The first is an $80,000 grant to revamp the menus at Cabell County's 28 schools to eliminate processed foods and to serve meals made from fresh, local ingredients.

"The biggest part of that is money to train every single school cook in Cabell County how to cook healthy meals from scratch, so they're not just opening a box of frozen chicken nuggets and warming them up," Sheils said.

Consultants from Connecticut-based Sustainable Food Systems have already conducted weeklong training sessions in about a dozen schools, Sheils said.

The hospital has also donated $50,000 to help Ebenezer Medical Outreach, a local medical clinic, run Huntington's Kitchen, where Fillinger and other pupils were learning to make pancakes with real flour.

Inside the downtown storefront, brick walls, hardwood floors and stylish furniture give the building the feel of a chic coffeehouse. But four heavy-duty cooktops — one for the teacher and three for groups of students — indicate Huntington's Kitchen is about more than atmosphere.

On a recent afternoon, Jillian Moore, the kitchen manager who was trained in London by Oliver's organization, led a group of about half a dozen in making Spanish-style steak with red peppers and fresh chili.

"We really want the people who come to the classes to take what they learn and pass it on to others," Moore said. "That's a huge part of the revolution."

For the Rev. Ed Atchley, a diabetic who started attending weekly classes to improve his diet, the courses are a revelation not just in preparing food, but in learning about the brew of chemical preservatives and other ingredients that go into food he had gotten used to.

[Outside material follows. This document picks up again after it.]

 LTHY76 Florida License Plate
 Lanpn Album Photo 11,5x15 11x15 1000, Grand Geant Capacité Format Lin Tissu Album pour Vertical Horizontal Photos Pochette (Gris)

"When I used to go shopping, I'd just throw everything in the basket," he said. "Now I take my time, I read labels, I buy more fruit."

In some ways, despite the talk of revolution and the celebrity endorsement, it's really a matter of discovering old-fashioned cooking, Fillinger said.

"It's like when your grandparents used to cook for you," she said.

Whether this will all be sustained is the important question. Huntington's Kitchen has a year's worth of donated food and the grant from Cabell-Huntington Hospital, which Sheils said is essentially a year of rent and utility payments.

After that, the kitchen will need new grants, and more people paying the $10 weekly suggested donation for classes than are currently doing so.

And state officials have already raised doubts about whether Cabell County's experiment in healthy new menus can be replicated across West Virginia's 55 counties. First Lady Gayle Manchin, a member of the state Board of Education, said at a meeting this month that Cabell schools will have to spend an extra $66,000 next year to keep the program running.

For some people, though, now that the revolution has arrived, there's no going back. Linda Fillinger, for one, will never make a pancake from a box again.

"We always have that bad reputation about being the fattest and the unhappiest," she said. "It's so nice to do something to prove that wrong."